I think this terrifies half the industry and I love it.

Minecraft is not an outlier, it's a leader. It's not to be ignored but gazed at: this is what success based on pleasing an audience looks like. Hell yes its $200m sales are a hard act to follow - but only if you need $200m! $2 million on the other hand is a bonanza for developers like Fireproof, and if you can be 1 percent as good as Notch maybe you can make 1 percent of Minecraft’s revenue.

I am arguing that this is what we have forgotten in our chase for mobile profit, that we can’t see the creative woods for the data trees. For all our mountains of information we’ve collected about user habits and sales, the gut-level ability to give joy and inspire our audience remains the job of our industry’s creative people first and every other industry role second. Our ability to communicate to, reach and inspire the people that we make things for is the foundation for everything any artist or craftsperson ever produced.

The fundamental communication power of mobile as a platform to push gaming remains entirely intact. But the logic of chasing mountainous profit is self-defeating.

At Fireproof we reduced our expectations to the level of our slim resources and by not planning to win big we freed ourselves to make stuff that intrigued us as gamers, and that allowed us to stand out. Raised on decades of amazing video games we only have one gear: make the best and most interesting game we can. Nothing else matters and we ignored any advice that didn’t support that goal.

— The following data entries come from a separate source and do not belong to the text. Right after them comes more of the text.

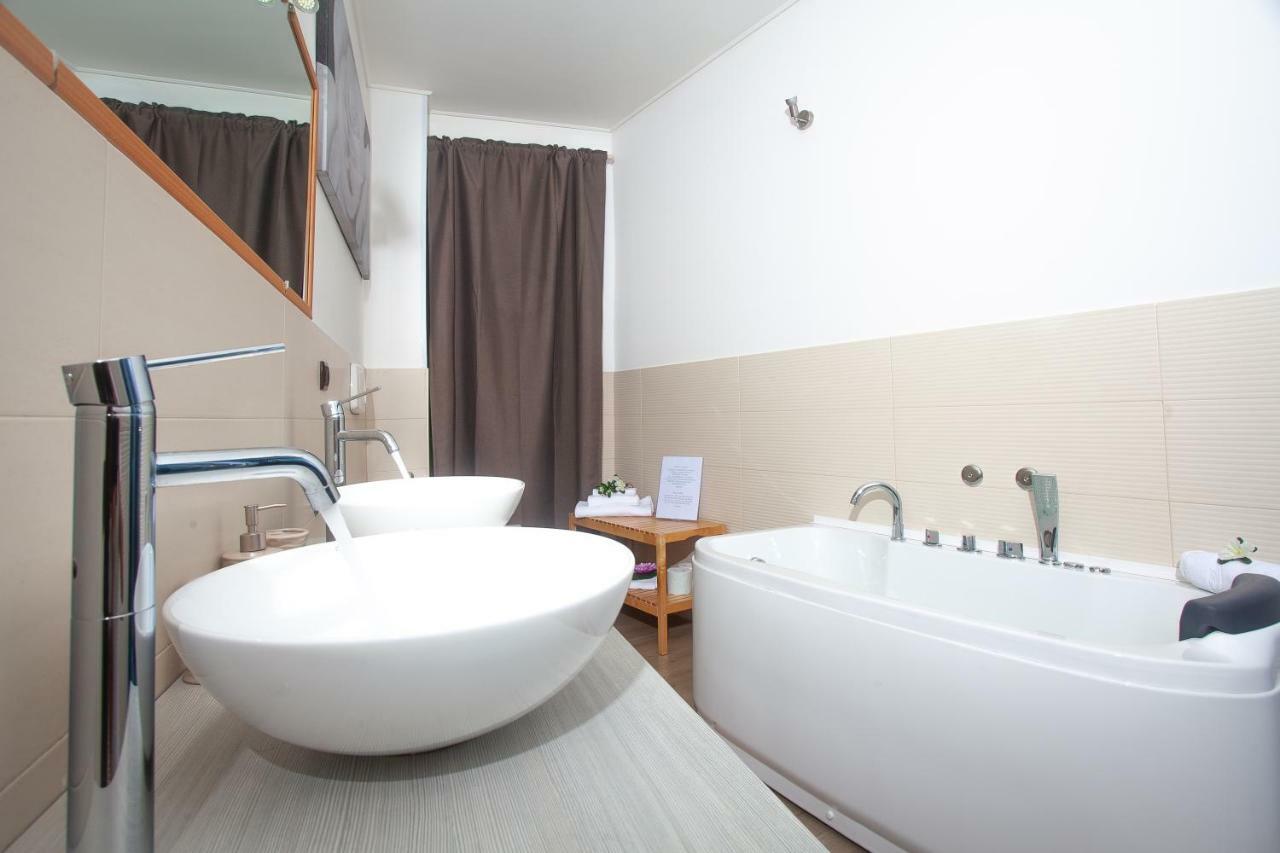 Fior Di Loto Sweetness Hotel Cagliari Ngoại thất bức ảnh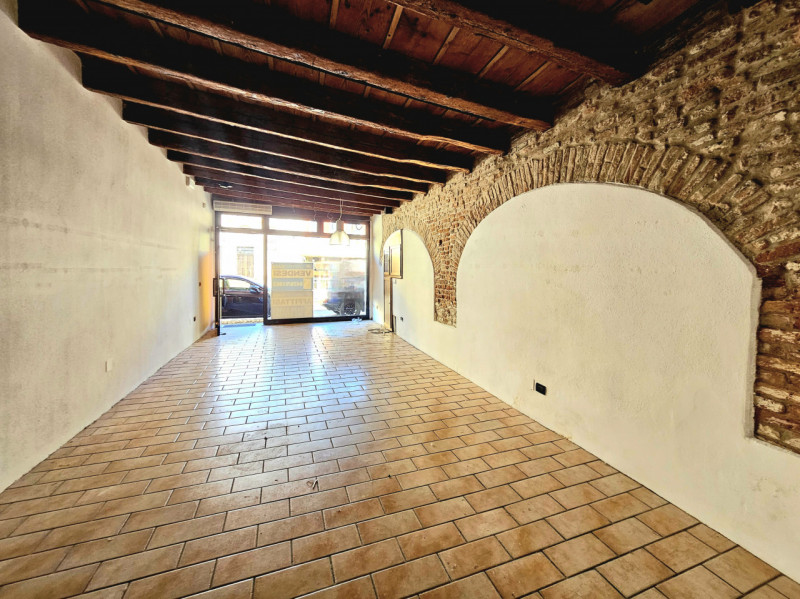Proponiamo in affitto un elegante negozio di circa 80 mq, situato in una delle piazze centrali de...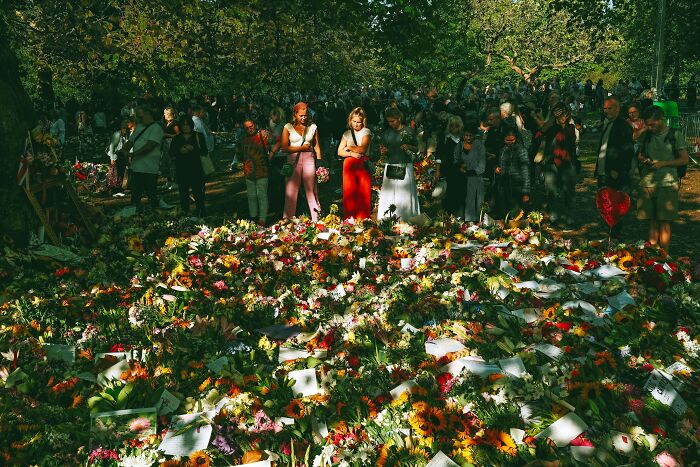 24 Photos Showcasing London’s Mood After The Queen’s Passing, By Paul Harrison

To us it seemed crazy to pander to an audience. We thought about what makes any game good, not just a mobile game. Great feeling controls, a smooth camera, easy interaction, cool visuals, all wrapped in an intriguing game world that wakes up the player’s brain. Our one concession to mobile was not a concession at all: we did all we could to make the touch interface sing because the touch interface is fucking great.

None of these carefully thought out plans would have made a lick of difference to the free-to-play obsessed mobile publishers: our multi-million selling game game would have been strangled at birth. Black would have been white, up would have been down.

These people who cling to data are not to be listened to. Mass audiences have a passion to enjoy special things. It's why creative markets exist, and statistics have nothing whatsoever to say about the act of inspired creation. Henry Ford invented the first production line and the first affordable car, and once said "If I’d asked people what they wanted, they would have said faster horses". The quote is mythical, but delivers more truth about creative work than a million pages of factual user data.

If our audience can't tell us up front what a hit looks like, the hard job of dreaming remains up to us. We can be inspired by the old but conjuring up the new is actually the job at hand, because that is what the audience is after. The success of The Room speaks to that, as does Threes, Plague Inc., Limbo, Minecraft, New Star Soccer and many other games which, left to the wisdom of "those who know the market" would have never arrived to brighten the days of millions of gamers.

The irony is that the very people who tell you your game won't sell are exactly the kind who will copy the shit out of it once it does. They don’t deal in dreams, imagination is not their forte. Are we really surprised that they cling to numbers?

The audience knows better than all of us and if our mobile public truly does signal "I care" through purchasing, I don't think its radical for the industry to start listening to the 98 percent of mobile gamers out there saying "I don’t care."